» **ACTIVITY**: Would you copy only the lines below, from the one containing "3 Seater with gold outline" through the very last one, leaving the pictures out?
--- EXTRACTED RECORDS Enclosed Below ---
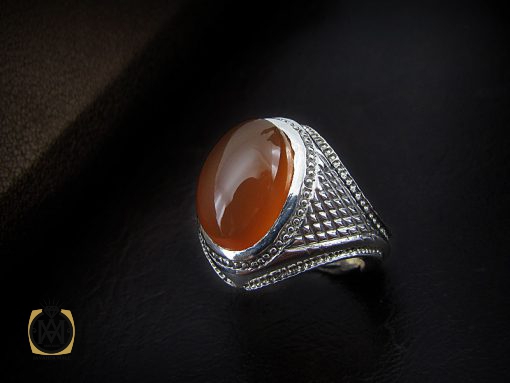 8418 انگشتر عقیق یمن مردانه - کد 8418 - تصویر 6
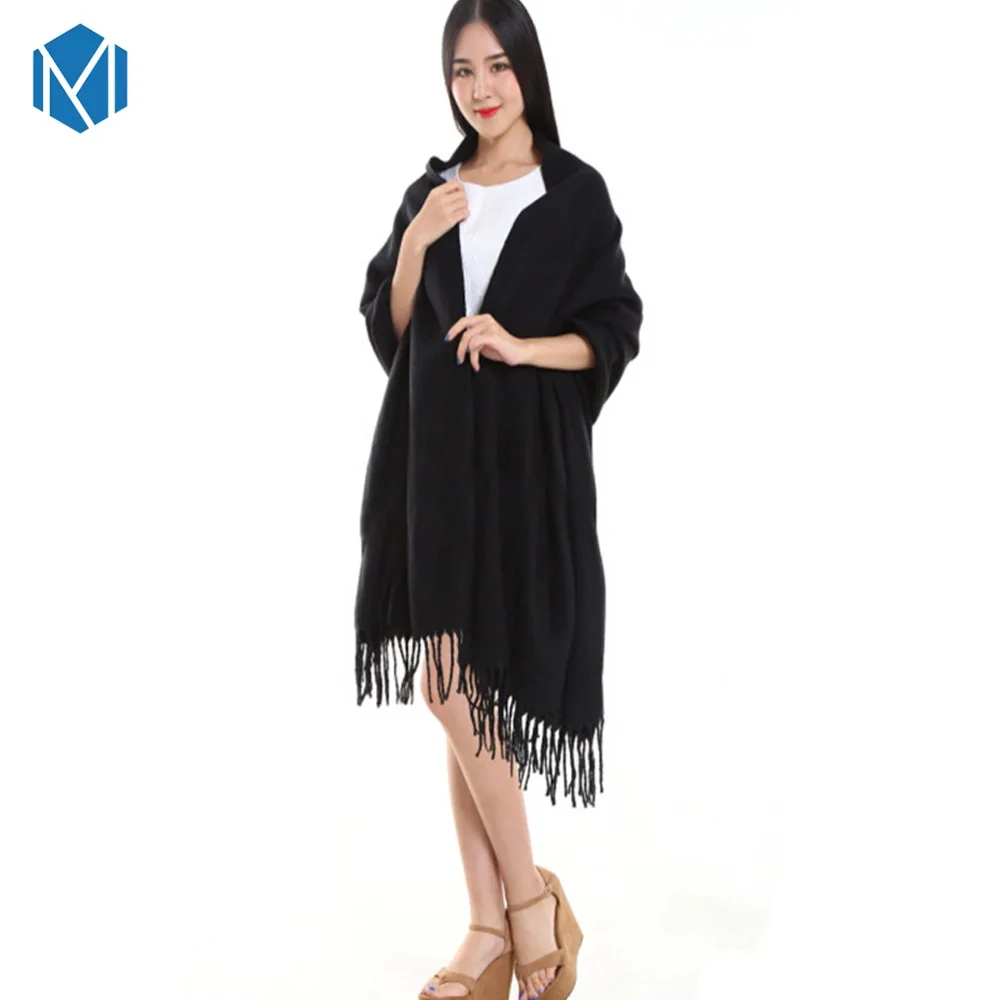 190 см кашемировый шерстяной Теплый шарф из пашмины зимние шарфы с кисточками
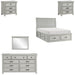 Homelegance - Willowbrook 5 Piece California King Bedroom Set in Light Gray - 1337K-1CK-5SET - GreatFurnitureDeal
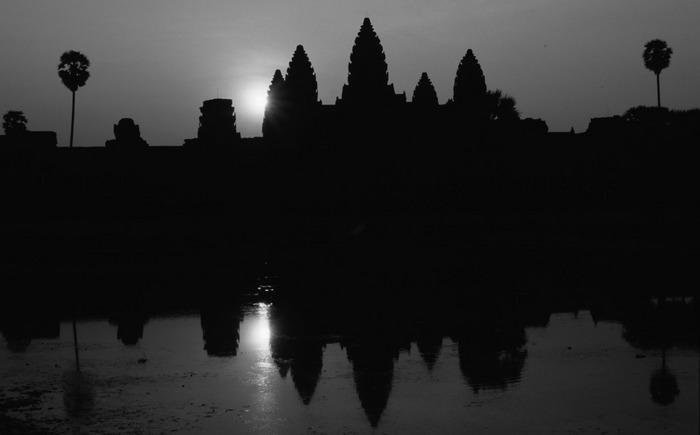 sonnenaufgang im angkor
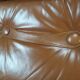 Scandinavian fawn leather sofa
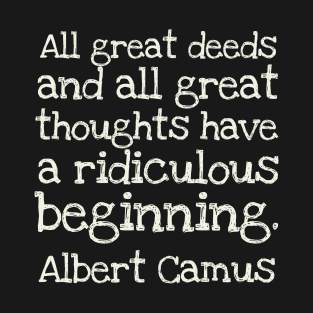 Albert Camus - Myth Of Sisyphus T-Shirt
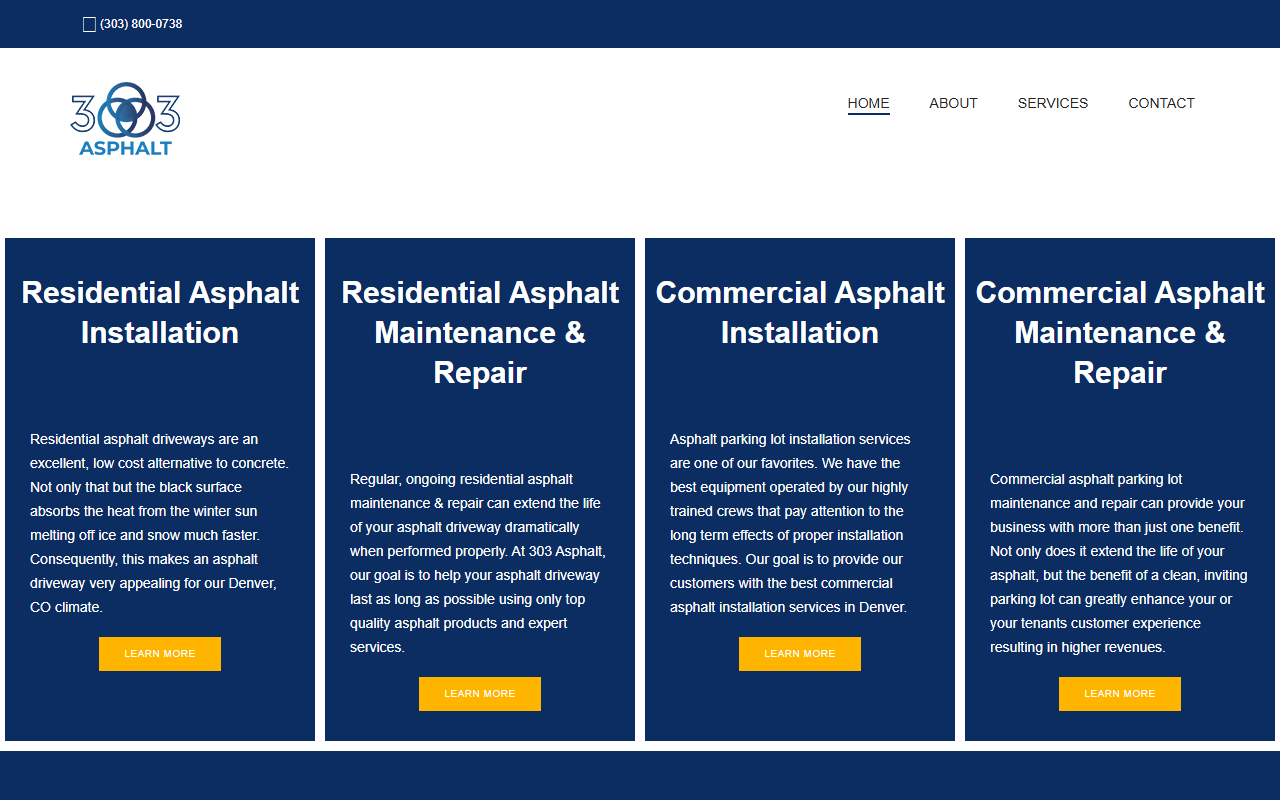303asphalt.com screenshot
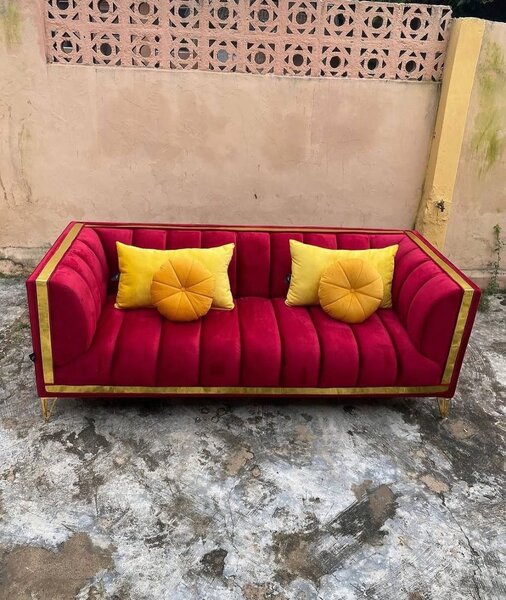 3 Seater with gold outline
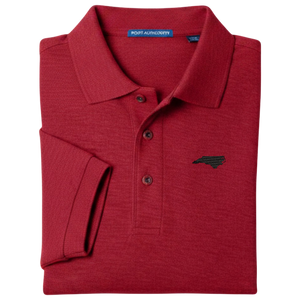State of North Carolina Polo Shirt - Red (Available in Different Thread Colors)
--- End of Enclosed EXTRACTED RECORDS ---
» **RESPONSE TO THIS TASK**:
 3 Seater with gold outline
State of North Carolina Polo Shirt - Red (Available in Different Thread Colors)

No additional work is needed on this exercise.